Being With The Wrong Person
I used to struggle with this thought ALL of the time. I wanted the best for my life (the best God had for me), including the person I would share my life with. The pressure of that dream riding on my ability to find that person and discern who was supposed to fill that role left me frantic and terrified to commit. I DO encourage navigating whether two people are a good fit for one another, but I still believe this fear is taking up too much room in our process.
The RIGHT person for you is the person you are willing to CHOOSE to be with. Of course, there are better fits than others, but this is a huge chunk in the equation that people miss. It’s not the person who just checks all the boxes of your dream spouse or sweeps you off your feet with romantic dates. It’s the person you decide to love well and who loves you back in a way you admire. Having to put in WORK and EFFORT does not mean it’s the WRONG person. Instead of worrying if they are “right” or “wrong” start asking the Lord, “Can you show me if this is a good fit and if it is, give me the grace to work through the areas we each lack? And if not, I will wait and follow You.”

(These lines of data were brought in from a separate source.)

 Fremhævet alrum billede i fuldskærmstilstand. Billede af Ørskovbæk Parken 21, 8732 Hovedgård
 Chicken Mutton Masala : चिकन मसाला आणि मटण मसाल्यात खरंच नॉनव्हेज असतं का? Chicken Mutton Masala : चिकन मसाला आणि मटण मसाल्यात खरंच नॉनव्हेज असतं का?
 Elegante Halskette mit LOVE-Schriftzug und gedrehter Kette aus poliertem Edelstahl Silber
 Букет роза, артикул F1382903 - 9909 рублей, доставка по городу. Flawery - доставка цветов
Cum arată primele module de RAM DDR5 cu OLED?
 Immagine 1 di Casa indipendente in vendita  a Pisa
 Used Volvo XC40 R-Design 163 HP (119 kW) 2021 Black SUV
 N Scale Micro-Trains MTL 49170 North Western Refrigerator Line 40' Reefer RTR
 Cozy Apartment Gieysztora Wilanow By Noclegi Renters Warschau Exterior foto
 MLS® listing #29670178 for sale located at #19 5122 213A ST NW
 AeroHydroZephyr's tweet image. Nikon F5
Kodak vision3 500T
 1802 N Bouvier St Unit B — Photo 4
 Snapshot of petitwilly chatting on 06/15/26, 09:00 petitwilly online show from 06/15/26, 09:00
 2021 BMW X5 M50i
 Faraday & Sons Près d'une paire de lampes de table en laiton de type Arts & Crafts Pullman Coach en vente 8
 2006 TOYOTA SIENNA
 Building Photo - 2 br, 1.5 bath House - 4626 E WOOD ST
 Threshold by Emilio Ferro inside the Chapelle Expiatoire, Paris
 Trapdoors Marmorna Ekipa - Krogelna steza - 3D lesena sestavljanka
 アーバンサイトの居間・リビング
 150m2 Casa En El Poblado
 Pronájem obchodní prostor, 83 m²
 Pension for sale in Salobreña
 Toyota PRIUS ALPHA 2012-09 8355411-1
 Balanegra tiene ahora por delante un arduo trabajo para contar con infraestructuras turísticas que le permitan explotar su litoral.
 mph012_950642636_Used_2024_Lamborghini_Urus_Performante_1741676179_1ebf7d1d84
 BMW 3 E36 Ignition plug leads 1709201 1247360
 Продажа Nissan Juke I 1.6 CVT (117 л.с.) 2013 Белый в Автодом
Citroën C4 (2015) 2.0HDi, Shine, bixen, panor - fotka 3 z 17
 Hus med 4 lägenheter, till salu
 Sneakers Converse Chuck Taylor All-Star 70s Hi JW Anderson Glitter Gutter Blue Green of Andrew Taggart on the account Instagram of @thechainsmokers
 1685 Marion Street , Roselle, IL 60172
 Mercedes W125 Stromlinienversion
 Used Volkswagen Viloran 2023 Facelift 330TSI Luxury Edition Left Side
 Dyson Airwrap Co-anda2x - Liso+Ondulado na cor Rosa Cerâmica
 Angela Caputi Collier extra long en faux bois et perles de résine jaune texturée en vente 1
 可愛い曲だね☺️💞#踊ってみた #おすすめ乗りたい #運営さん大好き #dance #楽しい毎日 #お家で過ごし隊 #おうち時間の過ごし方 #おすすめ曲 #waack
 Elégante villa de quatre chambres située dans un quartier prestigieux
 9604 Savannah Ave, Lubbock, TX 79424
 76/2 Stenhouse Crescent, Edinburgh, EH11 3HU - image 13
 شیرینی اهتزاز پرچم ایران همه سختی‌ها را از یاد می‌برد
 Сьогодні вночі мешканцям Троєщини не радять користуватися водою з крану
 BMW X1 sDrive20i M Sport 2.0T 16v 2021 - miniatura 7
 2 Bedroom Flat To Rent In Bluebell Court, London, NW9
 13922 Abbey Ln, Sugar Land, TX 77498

(More on this subject in my blog What It Means to Choose Love Instead of Falling Into It)
Making The Wrong Decision
Another one I. Struggle. With. No one WANTS to make the wrong decision, but it’s also easy to get stuck feeling like if we aren’t 100% sure, we can’t make ANY decision. Been there. Still there sometimes. Here’s what I realized:
- If you choose something, and it works out, GREAT. Well done. Jot down how you went about that choice so you can remember for next time.
- If you choose and find out it’s wrong, GREAT. Why? Because now that you know what’s wrong, you in turn know what’s RIGHT. So turn around and head in the right direction.
- If you get paralyzed because you’re afraid to make a mistake, you discover…nothing. You’d be better off making the wrong choice because at least then you find out what’s right. But you won’t find out ANYthing if you don’t TRY anything. This is the only option that won’t get you anywhere so STOP letting fear tell you to sit here.
Hearing God Wrong
Want to know a secret? (that I’m totally open to tell anyone):
I’ve been a Christian my entire life and truly started recognizing how the Lord speaks to me….last year. YEP.
I constantly asked people how they heard Him, talked about it till I was blue in the face, cried, everything, because I felt like I was MISSING something.
Maybe I was and maybe I wasn’t. But here’s how I found out:
- I prayed. Constantly. Asking God to reveal what He was saying + help me hear Him in the specific way He wanted me to (because He also changes it up to keep us close. Don’t get too comfy, now)
- By BELIEVING I heard Him and ACTING on what I heard. I kept trying. If I thought it was Him, I went for it. By trying, I started to notice when I got it wrong – so I’d back up and ask Him again. THEN, through RELATIONSHIP I started to recognize when it WAS Him.
Here’s the catch: I couldn’t have found that out without continuing to search and staying in relationship. He doesn’t want to just give you answers and you move like a puppet. He wants to do LIFE with you. The back and forth dialogue. Learning His heart and what He’s speaking. Not being AFRAID of getting it wrong.
He would rather you stay close to Him, seeking and learning, and get it WRONG than you just wait around for Him to yell at you. The point of hearing Him isn’t actually to “get it right.” It’s to be close. So even if you get it “wrong”, He sees your heart and is ready to course-correct and continue leading you.
I know: it all feels more easily said than done. I’m right there with you. I have had to intentionally choose faith over fear, even when everything in me wants to pick panic and worry. Don’t be fooled into thinking that’s “easier”.
Understanding that fear will not lead me to peace or freedom keeps me coming back to the Lord, asking Him to remind me of His comfort and sovereignty. I know that even if I slip into fear, He will pull me back onto the path of love and trust.